Aiken, Lambert & Co. v. Haskins

Houghton, J.

On the 17th of April, 1897, the plaintiff recovered of the defendant in Justice’s Court a judgment for seventy-four dollars and sixty-eight cents. This judgment was appealed from to the County Court, which on the 24th day of May, 1899, affirmed the judgment of the court below, with costs.

Prior to this 24th day of May, and on the 4th day of April, 1899, the defendant was adjudged a bankrupt, and subsequently, on the 6th day of June, 1899, was discharged from all his debts, including the original debt upon which the judgment in controversy was rendered. After the discharge the defendant appealed to the Appellate Division, and gave a bond, which court affirmed the judgment of the courts below, with costs. Executions have been issued on all of these judgments, and this is a motion to discharge the judgment and stay the sheriff from enforcing the same.

The county judge being disqualified as to the County Court judgment, motion with respect to both judgments is made in this court.

It is conceded that the judgment for Appellate Division costs *506was not discharged by the bankruptcy proceedings, and the defendant has paid the amount of that judgment; nor can there be any question but what the original judgment for seventy-four dollars and sixty-eight cents is discharged by the bankruptcy proceedings.

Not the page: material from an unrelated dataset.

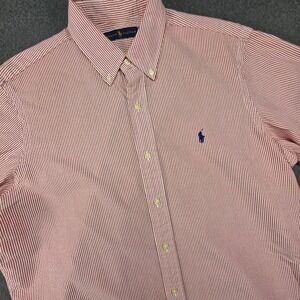 Ralph Lauren Men's Short Sleeve Stripe Seersucker L Shirt Red White Classic Pony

The only question in controversy, therefore,' is as to the costs of the County Court on affirming the justice’s judgment. These costs were twenty-five dollars and disbursements. The original judgment was entered in, with the taxable costs, to make the present judgment of one hundred and six dollars. This was wrong in practice, for the judgments should have been entered separately, affirming the former judgment and taxing the costs; but that portion of the judgment which embraces the costs of the County Court can be treated as though it were a separate judgment in considering this motion. The costs of the County Court accrued between the filing of the petition and the discharge in bankruptcy of the defendant. They were not a debt against the defendant at the time he filed his .petition, nor were there any costs earned up to that time which are separate from the twenty-five dollars. There is only one item of costs on an appeal in the County Court, and that is a certain' amount provided in case of an affirmance and a certain amount provided in case of a reversal. It did not arise against the bankrupt until the court had made its decision, which was on the 24th of May, 1899. It is only such debts as are in existence and due or to become due that the discharge in bankruptcy relieves a person from. Those which arise thereafter he is not. relieved from paying.

At the time the defendant filed his petition in bankruptcy, and the order to show cause was issued requiring all persons to prove their claims and examine the bankrupt, these costs had not accrued, and they did not constitute a debt at the time of the commencement of those proceedings, either, due or to grow due, and hence the judgment for costs was not affected bv the defendant’s subsequent discharge. Heather v. Neil, 14 Wkly. Dig. 46. Section 63 of the Bankrupt Law seems to be in accord with the above decision and provides for a situation like the present one. Costs incurred prior to the filing of the petition are treated as debts; and costs following a judgment recovered after the filing of the petition are allowed only to such extent as they are earned prior to the filing of the petition.. It follows that costs which arise in *507the process of litigation and ripen into rights against the bankrupt after the filing of the petition are not affected by his discharge in bankruptcy, and he remains liable therefor notwithstanding his discharge. See Collier Bank. 351.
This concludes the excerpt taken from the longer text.